11 abr 2010 . Actualizado a las 02:00 h.

Por motivos que la razón no alcanza, el alcalde de Vigo ha decidido volver a poner en la calle Urzaiz las farolas de falso estilo fernandino que se retiraron el año pasado para remodelar la vía pública y que fueron sustituidas por otras, de diseño más acorde con el mundo en que vivimos, es decir, desarrolladas de acuerdo a conceptos de eficiencia energética y la minimización de la contaminación lumínica, además de un diseño actual.

Esta semana, el Concello ha empezado a sustituir las recién colocadas por los vetustos modelos de extendido uso por su bajo precio y una configuración que permite aceptar lámparas de elevada potencia (hasta 250 vatios en sodio y 400 en mercurio). Quizá por ello, en 1997, el Instituto para la Diversificación y Ahorro de la Energía (IDAE), del Ministerio de Industria, recogía en su Cuaderno de Eficiencia Energética en Iluminación, que «solo se instalarán faroles por motivos estéticos, ya que desde el punto de vista de eficiencia energética están al límite de lo razonable».

Aun así, a Vigo vuelven las fernandinas y el incremento del gasto energético por capricho. El alcalde de Vigo ampara la decisión en un colectivo fantasma que, al parecer, reiteradamente reclama el retorno de las farolas. Un misterioso clamor que estaba en la calle, pero que nadie más ha oído, le ha llevado a cumplir una de las promesas por las que será recordado en el Museo del Disparate.

Ya puede el ciudadano vigués echarse a la calle para suplicar que retiren la depuradora, rogar que dejen de cortar árboles y construir párkings que solo desean sus futuras concesionarias. No. Abel Caballero solo se conmueve con dos peticiones: farolas y bancos (los de sentarse).

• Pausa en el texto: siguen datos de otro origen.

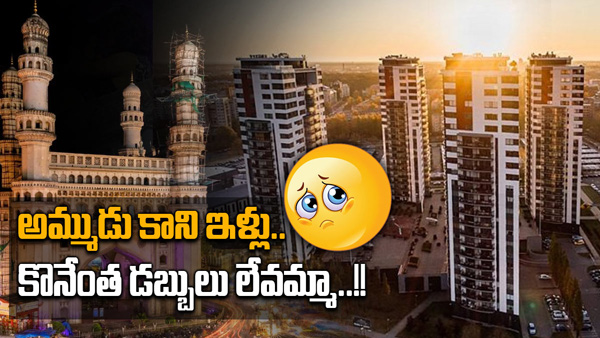 Hyderabad stood in 2nd place on unsold apartment flats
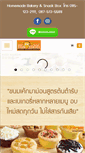 Mobile Screenshot of missmamon.com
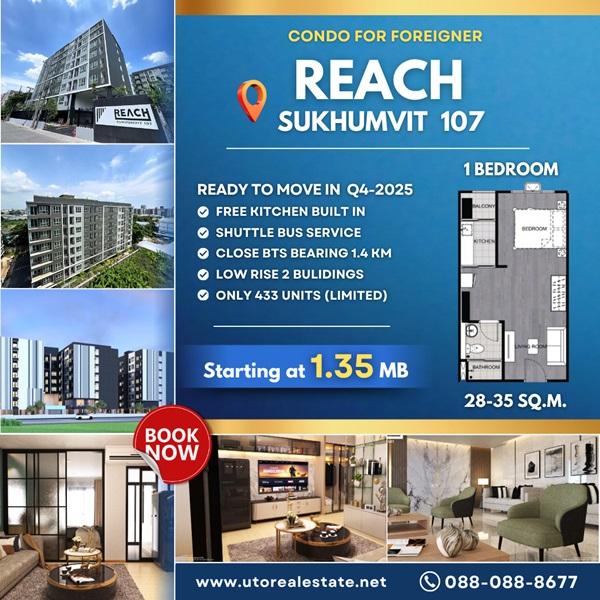Your Affordable Urban Escape Awaits, Reach Sukhumvit 107 – just 1.4 km from BTS Bearing 1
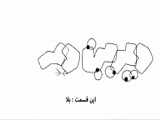 بلا: دیرین دیرین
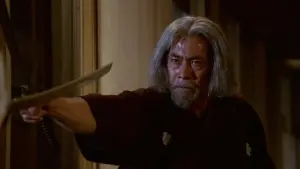 Задник к фильму "Вызов" #425714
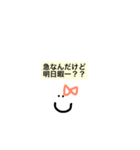 お友達会話スタンプ（個別スタンプ：35）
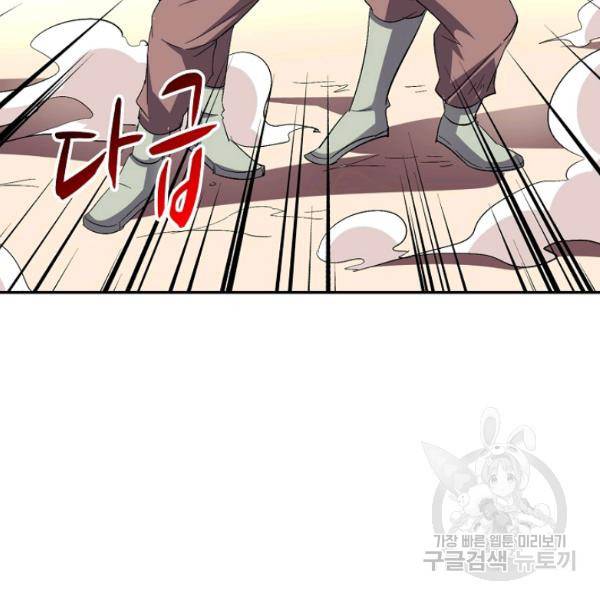 복천성주 62화 56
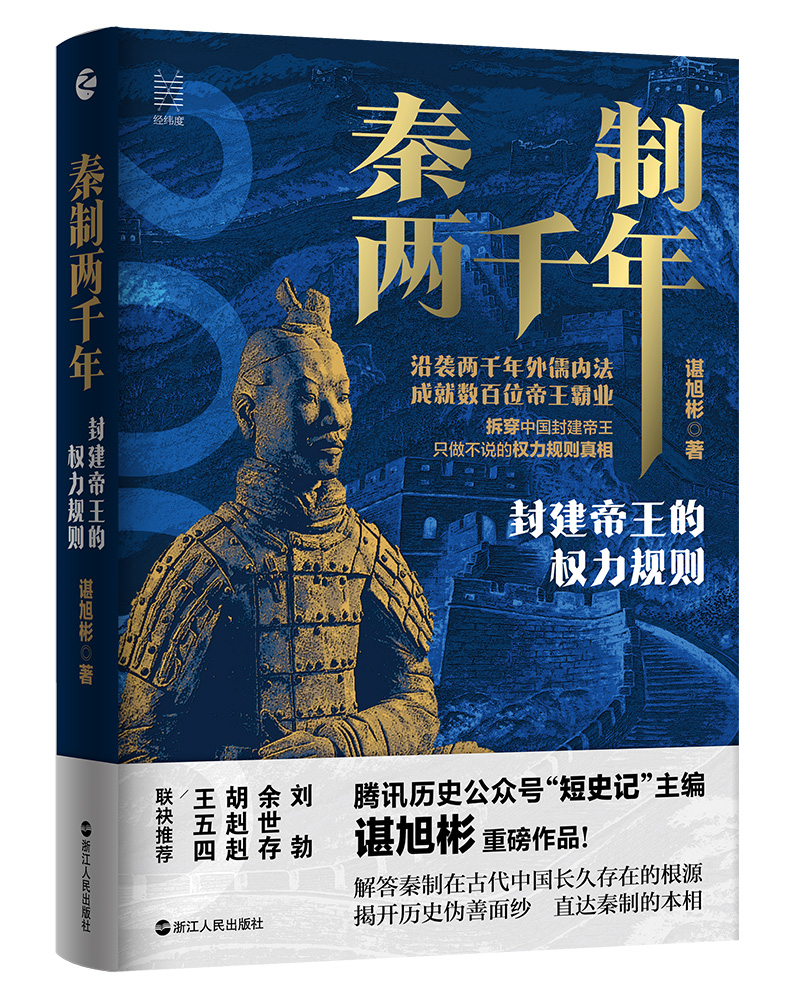 正版现货经纬度丛书:秦制两千年:封建帝王的权力规则谌旭彬解答秦制在古代中国长久存在根源中国古代政治制度浙江人民出版社-图0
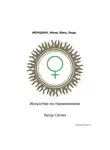 Артур Саттва - Женщина, жена, мать, леди. Искусство по применению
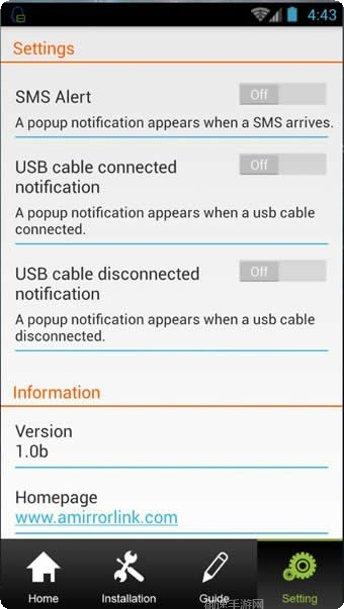 mirror投屏软件下载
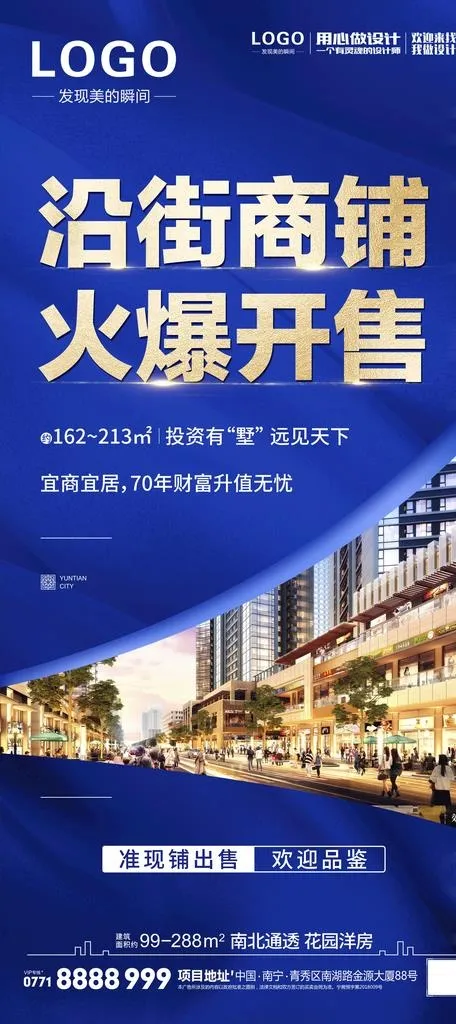 商铺图片(1969x4134)psd模版下载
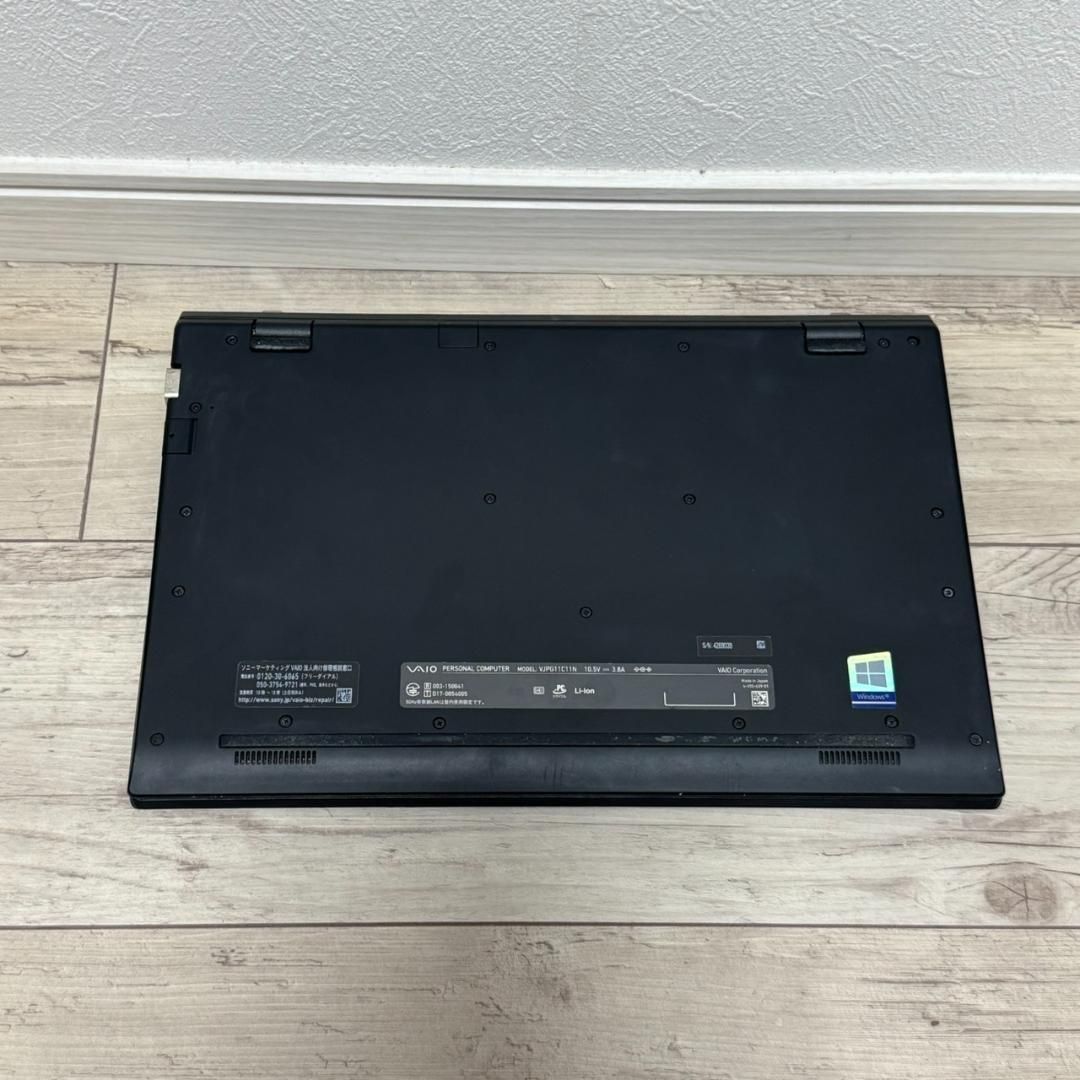 安心の国産❗】VAIO Pro PG Core i5 メモリ8GB 256GB オフィス2021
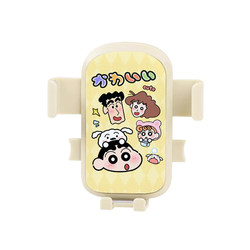 Creative anti-shake and anti-shock electric vehicle mobile phone holder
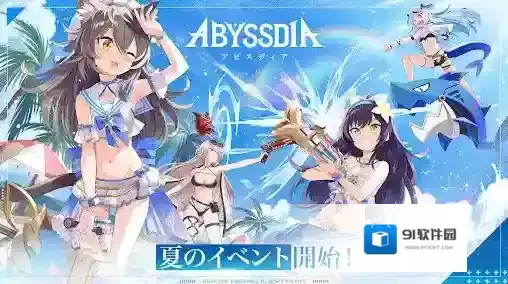 深渊女神连携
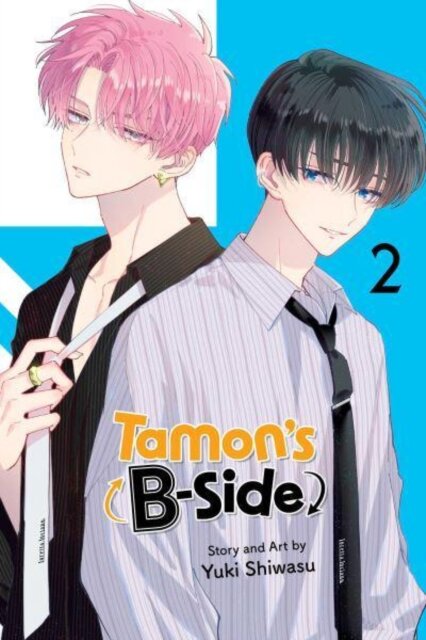 Tamon'S B-Side Vol 2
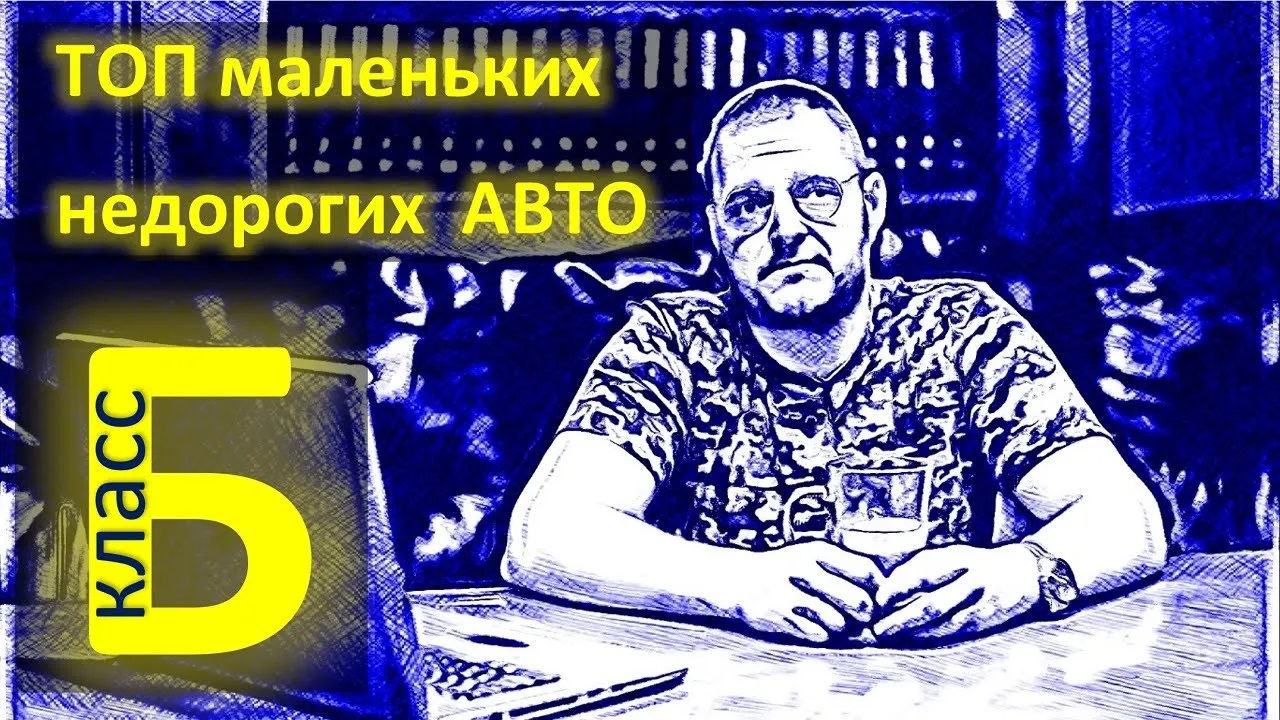 ТОП автомобилей Б класса от 150 000 до 450 000 рублей смотреть онлайн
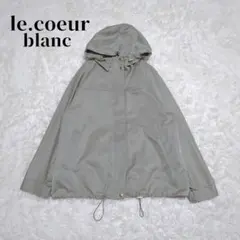 専用 極美品✨ le.coeur blanc フード付きライトブルゾン 38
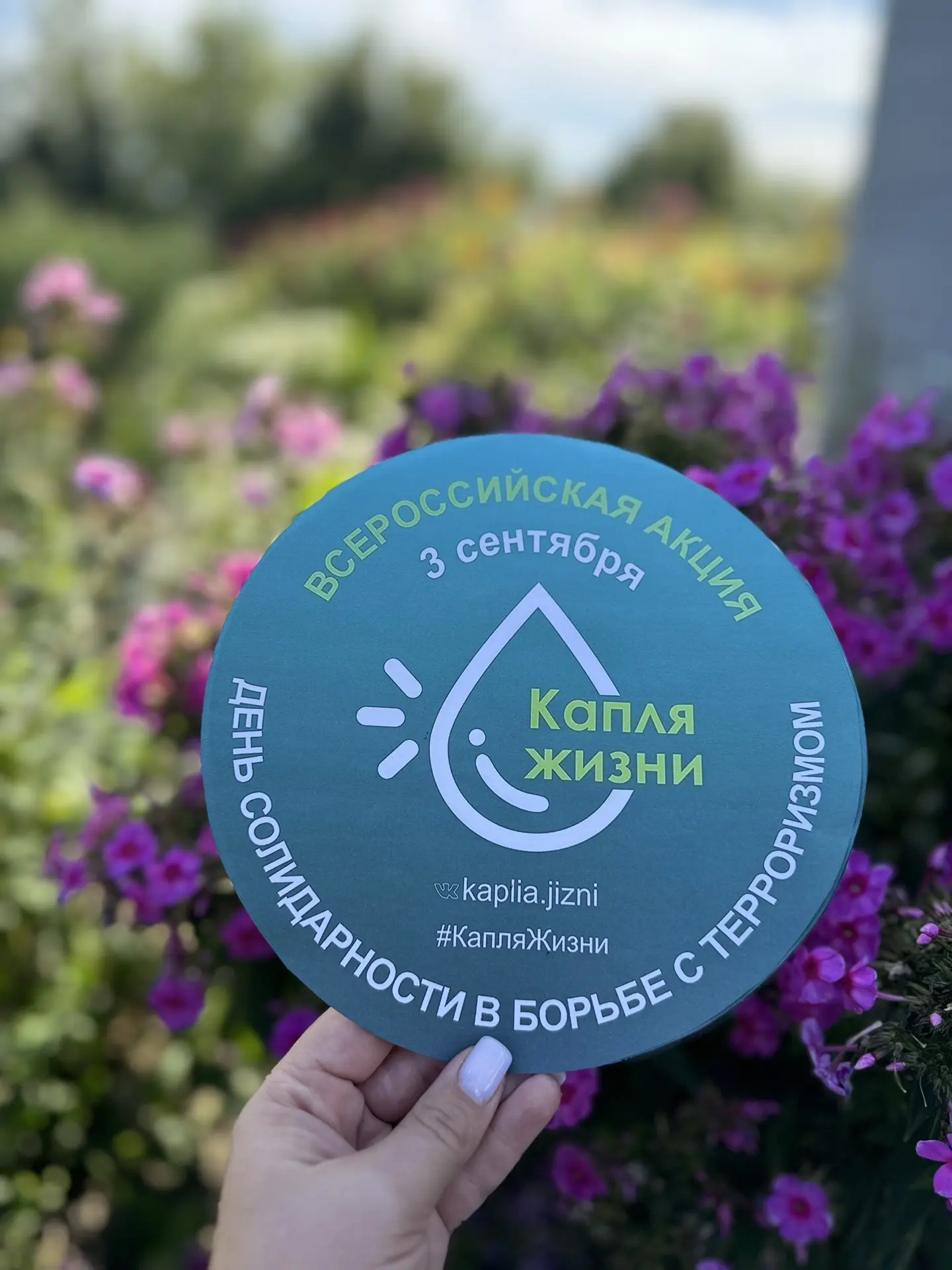 💦 Сегодня в нашей школе прошла трогательная акция, посвящённая Дню солидарности в борь...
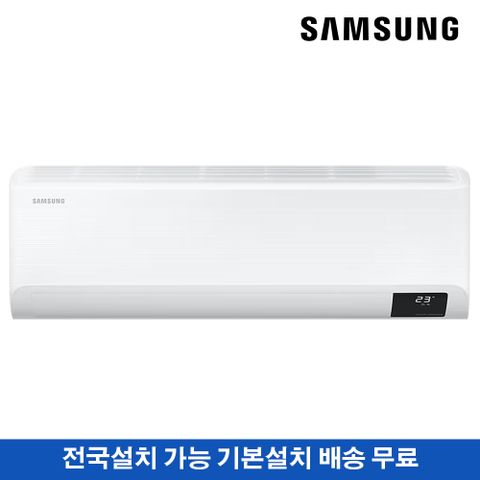 삼성 벽걸이에어컨 인버터 10평형 기본설치무료 전국무료배송 AR10B5150HZT 정품자재시공 +할인쿠폰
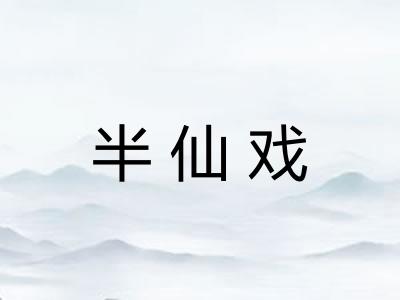 半仙戏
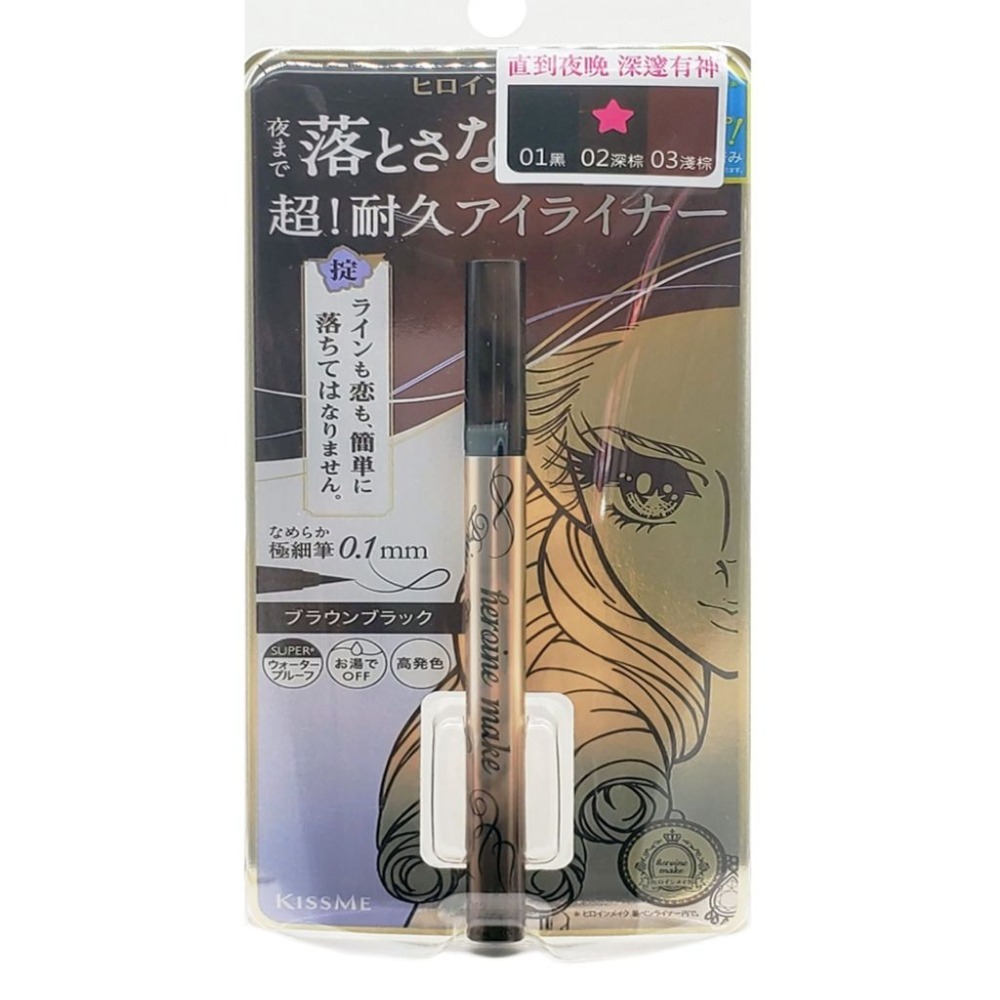 KISS ME 超持久極細抗暈眼線液筆（01黑色/02深棕色）有2色可選擇，市價439元，下單前請先詢問貨量-細節圖3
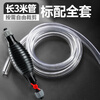 Visitor's sixth generation manual oil pumping tool, rapeseed oil fish tank water change, wine pumping hose, large barrel pump, silicone self-priming water pumping, high quality, sixth generation air bag + 4m tube + self-contained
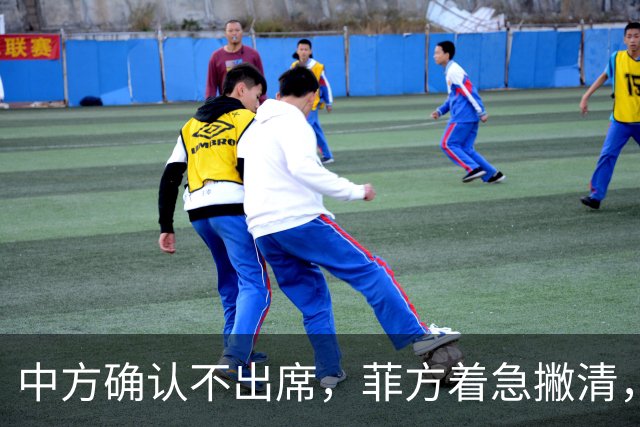 中方确认不出席，菲方着急撇清，没有要与台合作，结果还是晚了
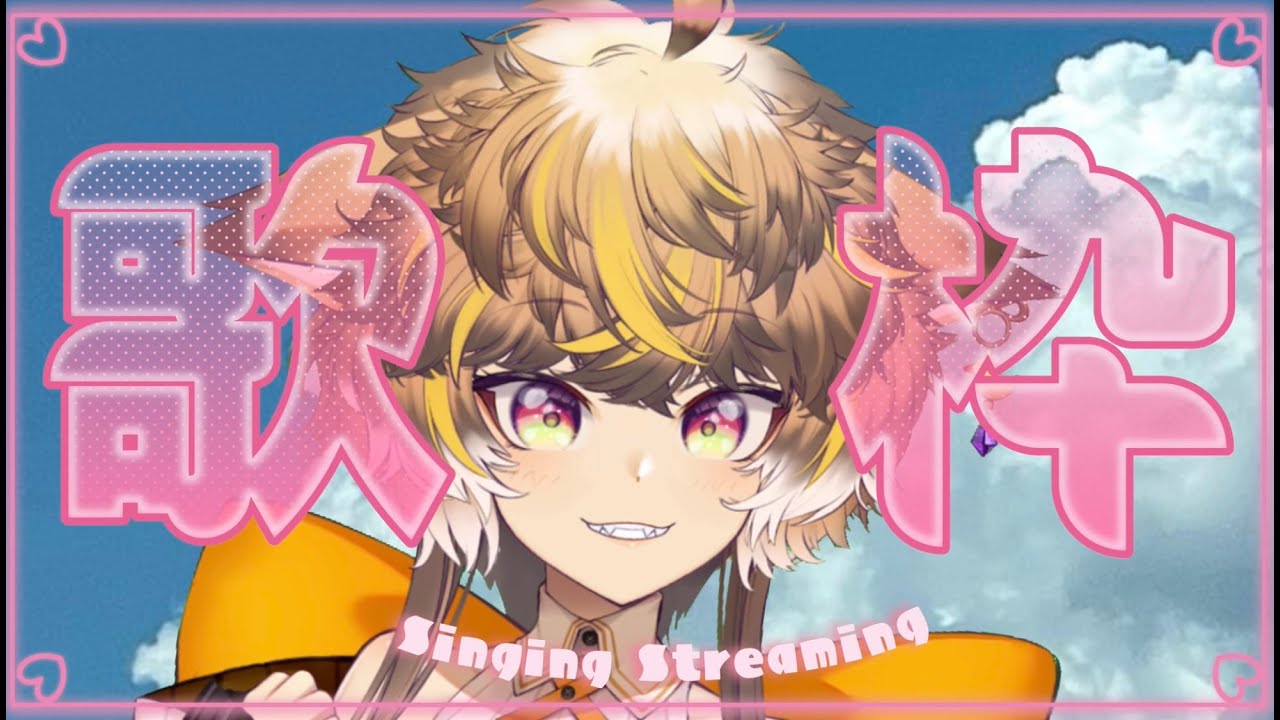 【熱めの唄を歌おうかなと!?】熱い曲でやる気引き出せ歌枠!!#shorts【 #歌枠 #Vtuber】
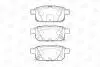 Тормозные колодки задние Suzuki Baleno, Swift IV, V, SX4, Vitara CHAMPION 573384CH (фото 2)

En total, se recolocarán 56 farolas de estilo monárquico desde el cruce de Urzaiz con Gran Vía hasta la zona peatonal de O Calvario, que cuenta con otros modelos de farolas nuevos.

El Concello omite el coste de tan absurda operación urbana indigna de una ciudad moderna. El Concello vigués parece apostar por el cambio climático.